The MPx suffix is the actual number of cores in that piece of silicon.
A silicon partner may license the T628, and create several versions from that single license. They may create an MP2 version for their low end SoC's, and an MP8 for their high end SoC's.
The naming scheme changed with the T7xx and later family of GPUs as we can now scale to greater than 9 cores, and we understood the confusion faced with the older scheme. So now we do not have different maximum core configurations, but just license the GPU as is. That is why the T7xx only has 2 options. The T720 and the T760. Like before, it is the MPx suffix that denotes the actual number of cores in that SoC.
Regarding your question on comparison with Adreno. That is a more complex matter that has already been answered before. It is about the terminology used. Basically one of our "cores" is not equivalent to one of Adreno's "core".
For more, feel free to read this: The Mali GPU: An Abstract Machine, Part 3 - The Midgard Shader Core
And this: Multicore or Multi-pipe GPUs: Easy steps to becoming multi-frag-gasmic
I hope this helps. Let me know if you have any further questions.

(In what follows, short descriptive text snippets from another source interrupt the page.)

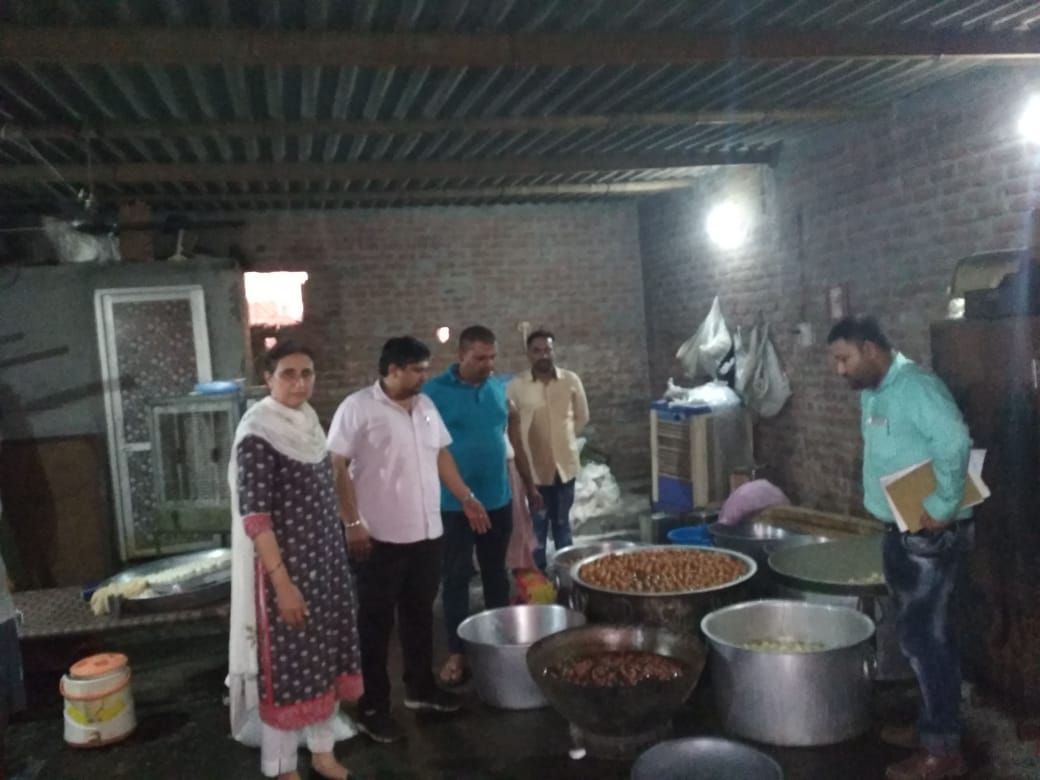 ''ਰੱਖੜੀ ਦੇ ਤਿਓਹਾਰ'' ਮੌਕੇ ਸਿਹਤ ਵਿਭਾਗ ਵਲੋਂ ਹਲਵਾਈਆਂ ''ਤੇ ਸ਼ਿੰਕਜ਼ਾ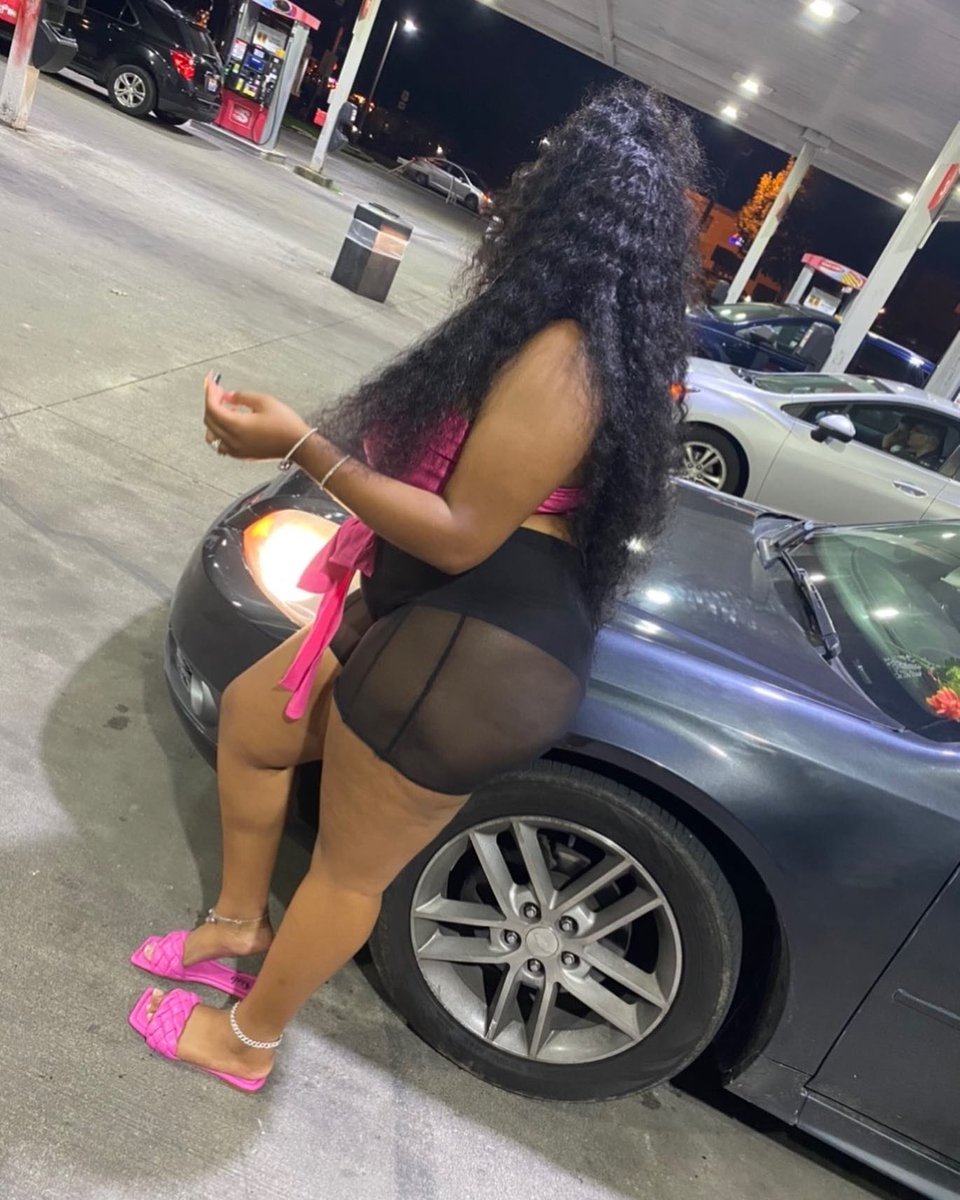 NalaRosee_'s tweet image. 8:13 flicks from my GDay #TheBiggestLeo #PinkAffair 😘💕🥳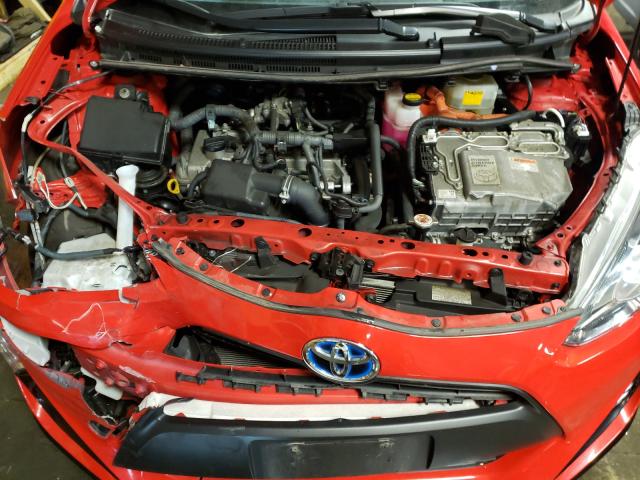 2017 TOYOTA PRIUS C JTDKDTB37H1591357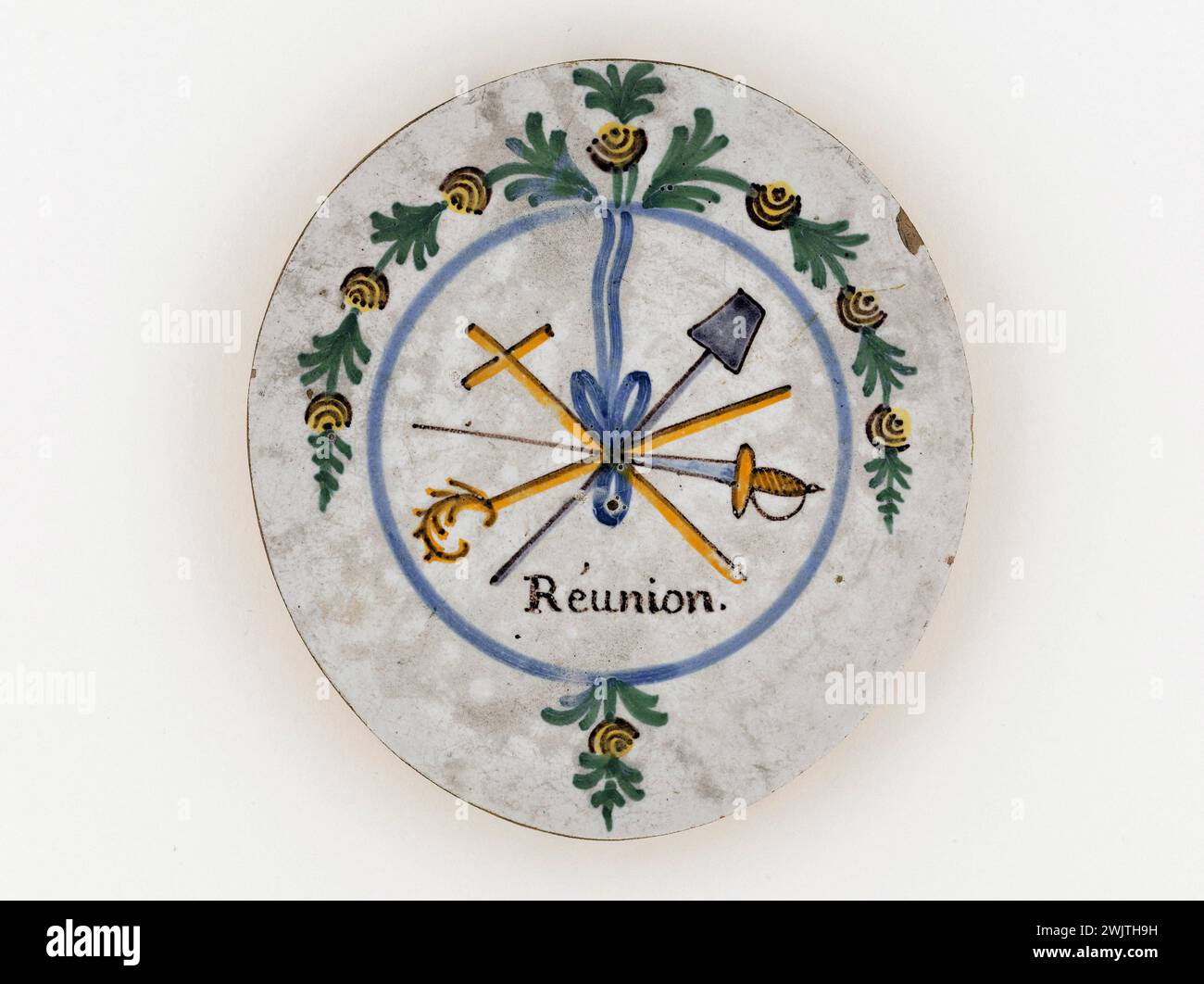 Anonymous. Fragment. Earthenware. Paris, Carnavalet museum. 71684-24 Clerge, cross, decoration, Church, Epee, Faience, Revolutionary Periode, Reunion, French Revolution, third party, plate Stock Photo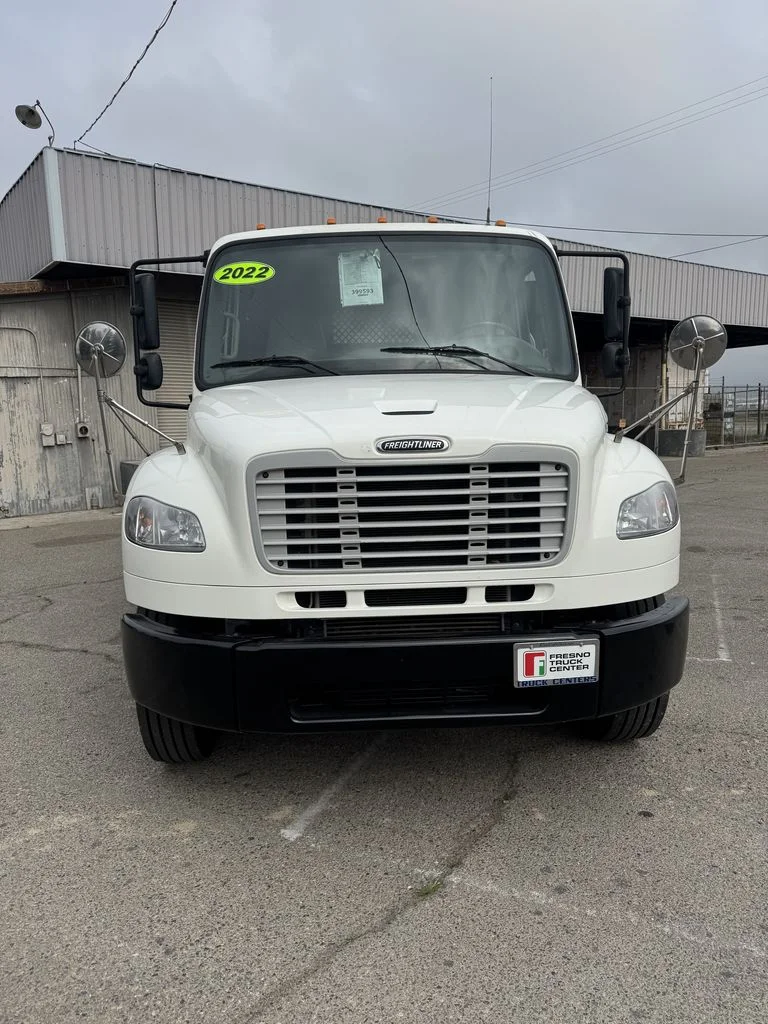 2022 Freightliner eM2 in Fresno, CA — photo 3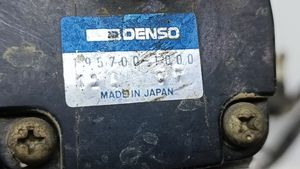 Mazda 626 Valvola di regolazione del minimo 1957001000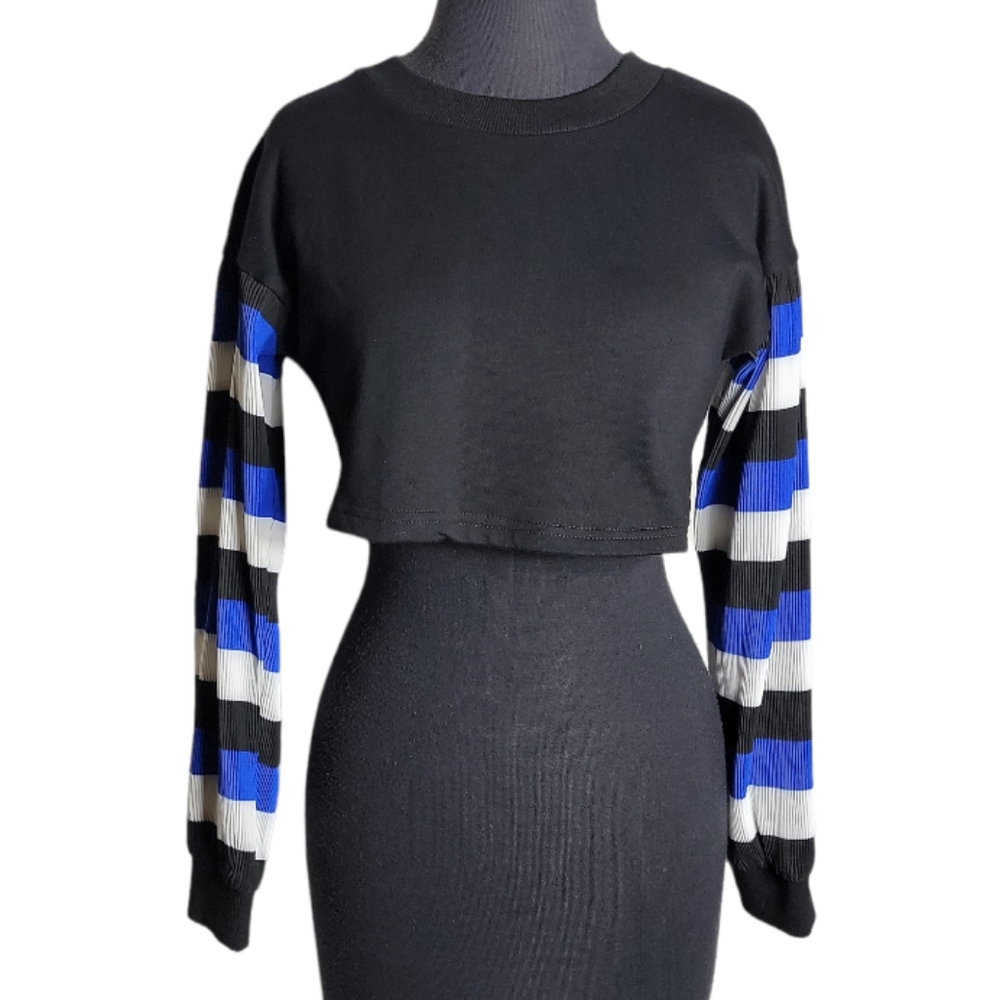 Fashion Nova women's can't be bothered cropped sweatshirt striped sleeves XS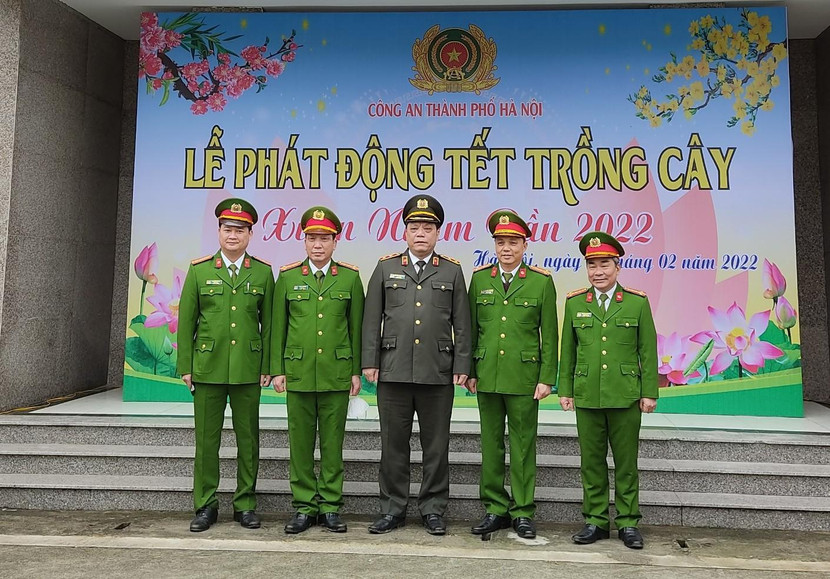 Trung tướng Nguyễn Hải Trung - Giám đốc CATP cùng các đồng chí trong Ban Giám thị trại tạm giam số 2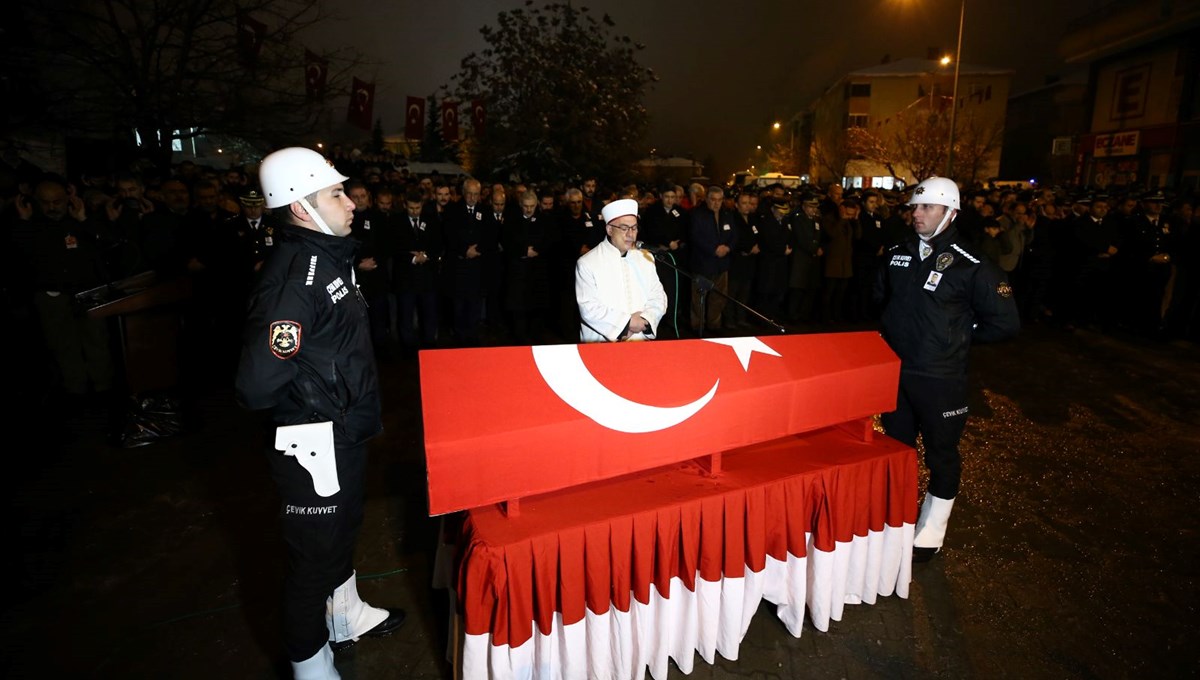 Şehit polis Furkan Bor son yolculuğuna uğurlandı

that is, the problem of the use of 6 cores applies only to OpenCL?
To clarify:
Graphical applications, such as those using OpenGL ES, do not need to worry about the two clusters. Their applications will run on all 6 cores (T628-MP6) without modification.
Compute applications, such as those using OpenCL, do need to worry about the two clusters. If they do not modify their application to utilise both CL devices in parallel, then they will only utilise 4 out of the 6 cores. With modification however, they can run on all 6 cores.